▶ _Data entries_
________________________________________

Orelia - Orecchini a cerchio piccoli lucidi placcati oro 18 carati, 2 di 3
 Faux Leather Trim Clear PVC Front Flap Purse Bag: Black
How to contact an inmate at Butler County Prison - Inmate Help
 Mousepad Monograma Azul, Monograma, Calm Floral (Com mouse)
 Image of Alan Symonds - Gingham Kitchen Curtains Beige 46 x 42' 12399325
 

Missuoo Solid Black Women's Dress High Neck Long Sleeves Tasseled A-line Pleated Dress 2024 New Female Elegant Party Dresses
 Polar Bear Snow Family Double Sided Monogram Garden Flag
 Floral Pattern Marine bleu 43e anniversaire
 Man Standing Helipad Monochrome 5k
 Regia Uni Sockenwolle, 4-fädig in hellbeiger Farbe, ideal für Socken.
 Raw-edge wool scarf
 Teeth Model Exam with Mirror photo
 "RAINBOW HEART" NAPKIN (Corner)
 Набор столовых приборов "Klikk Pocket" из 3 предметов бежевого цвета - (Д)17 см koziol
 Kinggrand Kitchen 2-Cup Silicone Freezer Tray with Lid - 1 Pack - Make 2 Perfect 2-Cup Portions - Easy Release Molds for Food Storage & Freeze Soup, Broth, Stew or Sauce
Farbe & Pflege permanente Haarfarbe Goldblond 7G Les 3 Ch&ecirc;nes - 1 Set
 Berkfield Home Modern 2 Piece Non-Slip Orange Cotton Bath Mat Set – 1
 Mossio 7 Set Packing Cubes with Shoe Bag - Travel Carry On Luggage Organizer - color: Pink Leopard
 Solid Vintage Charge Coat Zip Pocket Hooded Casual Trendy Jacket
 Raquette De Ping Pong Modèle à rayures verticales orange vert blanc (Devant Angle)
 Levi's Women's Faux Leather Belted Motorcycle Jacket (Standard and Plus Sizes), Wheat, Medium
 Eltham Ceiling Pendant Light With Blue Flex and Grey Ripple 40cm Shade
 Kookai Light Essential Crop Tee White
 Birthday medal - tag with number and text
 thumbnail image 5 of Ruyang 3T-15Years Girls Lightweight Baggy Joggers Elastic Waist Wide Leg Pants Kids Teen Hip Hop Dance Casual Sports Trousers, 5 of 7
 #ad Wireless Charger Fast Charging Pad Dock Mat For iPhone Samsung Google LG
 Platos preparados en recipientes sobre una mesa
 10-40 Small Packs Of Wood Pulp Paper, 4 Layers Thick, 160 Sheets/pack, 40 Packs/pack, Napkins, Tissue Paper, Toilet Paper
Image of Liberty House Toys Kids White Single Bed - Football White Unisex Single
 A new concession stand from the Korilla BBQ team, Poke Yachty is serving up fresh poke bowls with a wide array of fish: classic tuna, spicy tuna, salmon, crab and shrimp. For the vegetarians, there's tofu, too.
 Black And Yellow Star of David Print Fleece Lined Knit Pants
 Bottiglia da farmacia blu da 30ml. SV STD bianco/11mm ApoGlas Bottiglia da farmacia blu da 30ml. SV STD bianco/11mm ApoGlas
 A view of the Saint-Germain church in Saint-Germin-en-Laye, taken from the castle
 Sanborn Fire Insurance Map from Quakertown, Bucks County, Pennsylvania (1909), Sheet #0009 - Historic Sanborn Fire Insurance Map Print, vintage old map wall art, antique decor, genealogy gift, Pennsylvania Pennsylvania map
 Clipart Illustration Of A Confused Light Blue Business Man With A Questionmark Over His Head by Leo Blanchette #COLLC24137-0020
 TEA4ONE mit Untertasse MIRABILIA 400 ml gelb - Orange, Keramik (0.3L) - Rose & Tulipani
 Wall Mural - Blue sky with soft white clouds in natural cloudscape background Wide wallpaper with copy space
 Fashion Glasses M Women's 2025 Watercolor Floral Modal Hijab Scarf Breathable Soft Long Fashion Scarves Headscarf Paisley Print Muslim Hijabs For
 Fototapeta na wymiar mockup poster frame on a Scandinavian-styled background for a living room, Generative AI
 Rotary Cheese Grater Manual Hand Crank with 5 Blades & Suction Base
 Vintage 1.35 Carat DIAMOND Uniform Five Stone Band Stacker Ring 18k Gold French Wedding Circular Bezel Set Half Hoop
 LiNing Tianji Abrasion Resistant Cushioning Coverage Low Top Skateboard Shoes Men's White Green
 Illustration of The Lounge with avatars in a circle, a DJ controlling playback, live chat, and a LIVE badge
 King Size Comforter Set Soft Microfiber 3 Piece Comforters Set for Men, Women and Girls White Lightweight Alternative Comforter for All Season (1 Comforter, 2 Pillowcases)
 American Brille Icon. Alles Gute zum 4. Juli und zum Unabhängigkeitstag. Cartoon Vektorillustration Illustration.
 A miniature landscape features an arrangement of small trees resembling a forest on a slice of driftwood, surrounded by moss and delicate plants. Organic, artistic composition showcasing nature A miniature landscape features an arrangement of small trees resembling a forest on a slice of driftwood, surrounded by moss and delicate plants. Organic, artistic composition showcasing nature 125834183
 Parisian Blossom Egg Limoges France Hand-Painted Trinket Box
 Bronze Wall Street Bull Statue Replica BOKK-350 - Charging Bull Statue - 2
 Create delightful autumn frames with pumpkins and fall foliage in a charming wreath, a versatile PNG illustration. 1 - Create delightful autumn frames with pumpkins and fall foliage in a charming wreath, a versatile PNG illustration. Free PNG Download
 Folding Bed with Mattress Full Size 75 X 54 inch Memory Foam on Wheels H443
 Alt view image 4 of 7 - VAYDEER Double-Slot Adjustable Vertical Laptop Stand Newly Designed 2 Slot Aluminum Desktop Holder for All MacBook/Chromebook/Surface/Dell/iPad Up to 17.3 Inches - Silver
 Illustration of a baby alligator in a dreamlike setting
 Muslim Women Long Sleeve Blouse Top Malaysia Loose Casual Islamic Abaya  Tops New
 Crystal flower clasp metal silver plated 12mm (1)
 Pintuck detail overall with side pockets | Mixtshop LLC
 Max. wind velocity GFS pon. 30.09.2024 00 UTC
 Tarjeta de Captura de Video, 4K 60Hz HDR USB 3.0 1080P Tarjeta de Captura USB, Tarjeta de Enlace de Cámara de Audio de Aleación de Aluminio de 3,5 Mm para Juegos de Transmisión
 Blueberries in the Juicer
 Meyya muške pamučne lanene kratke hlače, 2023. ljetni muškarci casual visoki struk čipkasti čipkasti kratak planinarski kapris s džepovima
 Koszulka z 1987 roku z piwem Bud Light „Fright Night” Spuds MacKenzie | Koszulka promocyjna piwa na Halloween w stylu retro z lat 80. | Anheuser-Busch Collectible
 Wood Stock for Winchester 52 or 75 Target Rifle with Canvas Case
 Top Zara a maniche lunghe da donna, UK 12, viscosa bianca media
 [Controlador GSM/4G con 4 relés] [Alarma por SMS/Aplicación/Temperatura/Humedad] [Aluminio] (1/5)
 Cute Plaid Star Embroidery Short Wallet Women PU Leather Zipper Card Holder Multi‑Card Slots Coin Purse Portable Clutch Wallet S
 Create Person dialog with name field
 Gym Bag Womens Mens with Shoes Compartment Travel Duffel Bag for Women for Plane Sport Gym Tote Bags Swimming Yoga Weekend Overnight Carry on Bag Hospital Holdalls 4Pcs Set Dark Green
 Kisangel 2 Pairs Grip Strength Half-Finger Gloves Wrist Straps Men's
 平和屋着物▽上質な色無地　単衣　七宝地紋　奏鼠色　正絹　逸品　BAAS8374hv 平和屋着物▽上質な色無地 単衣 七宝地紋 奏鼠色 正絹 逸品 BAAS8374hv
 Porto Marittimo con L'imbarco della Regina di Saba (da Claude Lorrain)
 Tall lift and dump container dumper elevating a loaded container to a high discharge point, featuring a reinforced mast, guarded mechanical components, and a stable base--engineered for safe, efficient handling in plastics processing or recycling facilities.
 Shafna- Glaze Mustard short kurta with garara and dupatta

________________________________________

▶ _WORK REQUIRED_
Respond with only the number of lines above that include the string "view".

▶ _ANSWER TO THIS PROBLEM_
2